The book also takes on some of the myths and propaganda put forward by capitalists in relation to the use of migrant labour. It exposes the hypocrisy of politicians, for instance, who on the one hand attack undocumented migrant workers on the pretext that they take jobs away from US citizens, while at the same time advocating guest worker programs so as to benefit business. Indeed, Ness also observes that the claim by corporate interests that  migrants fill unskilled jobs that nobody else wants does not consider how the severe downgrading of wages and working conditions in these jobs due to globalization, outsourcing and the closure of manufacturing facilities has made these jobs less attractive in the first place.

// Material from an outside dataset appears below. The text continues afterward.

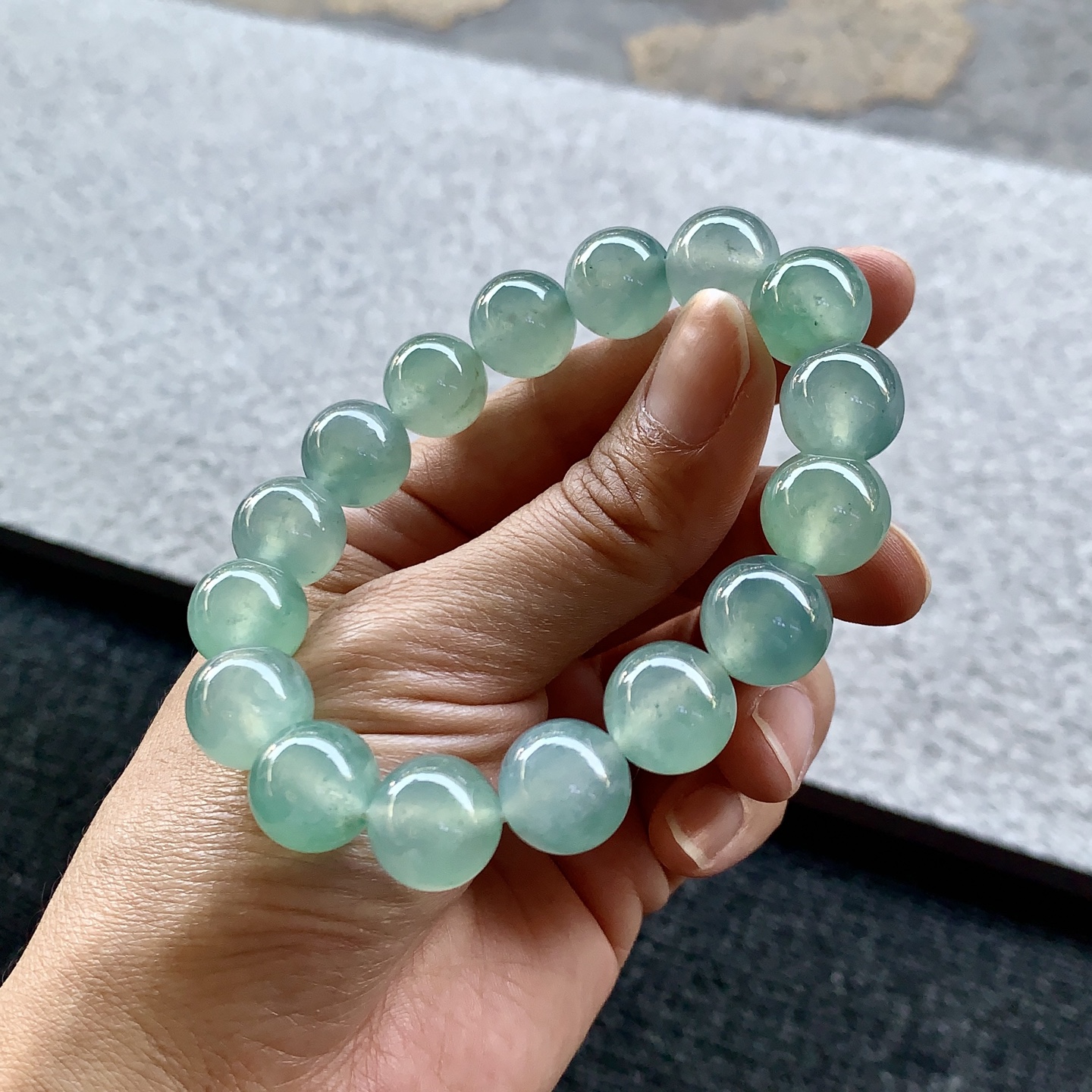 冰绿珠串，玉质水润细腻 尺寸13 共16颗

The treatment of some of the migrants who have participated in existing guest worker programs, described in the book, is nothing short of horrific. We read, for example, of the protest of Indian shipyard workers lured by the false promise that they would eventually receive a green card, coming to work at Signal International in Mississippi, but made to live in unhygienic conditions in an overcrowded labour camp, given low wages, subjected to repeated retesting, and put under constant pressure to repay visa debts. Meanwhile, the accounts of Jamaican migrants working in US hotels and casinos illustrates the racism and discrimination experienced by many of these workers, whose treatment is much worse than that of others at the same workplace.

Such discrimination toward migrants is of course not unique to the US. Indeed, writing from Hong Kong, I can report similarities in the treatment applied to foreign domestic helpers here. These migrant workers are denied the rights that workers (including migrants) have in other industries. Domestic workers in Hong Kong have been excluded from the local citizens’ minimum wage law and have also been denied the right of abode. After seven years of continuous “ordinary residence”, most immigrants have the right to apply for permanent residence. Despite legal challenges, the government remains keen on excluding domestic workers from such rights. Like guest workers in the US, they are in effect seen as disposable.

Another important issue covered by the book is the way that the ruling classes not only take advantage of migrant labour to drive down wages and increase profits, but also use the shift toward a migrant work force to undermine the power of organized labour. In the IT and business services industry, for instance, Ness observes how multinationals have avoided national social welfare mandates and prevailing standards by shifting skilled workers to offshore contractors, and have created a global labour market of temporary workers who are hired only on demand.  Thus the keenness of capital to make use of migrant labour in such a way is linked to the historical offensive by the capitalist classes to downgrade labour standards.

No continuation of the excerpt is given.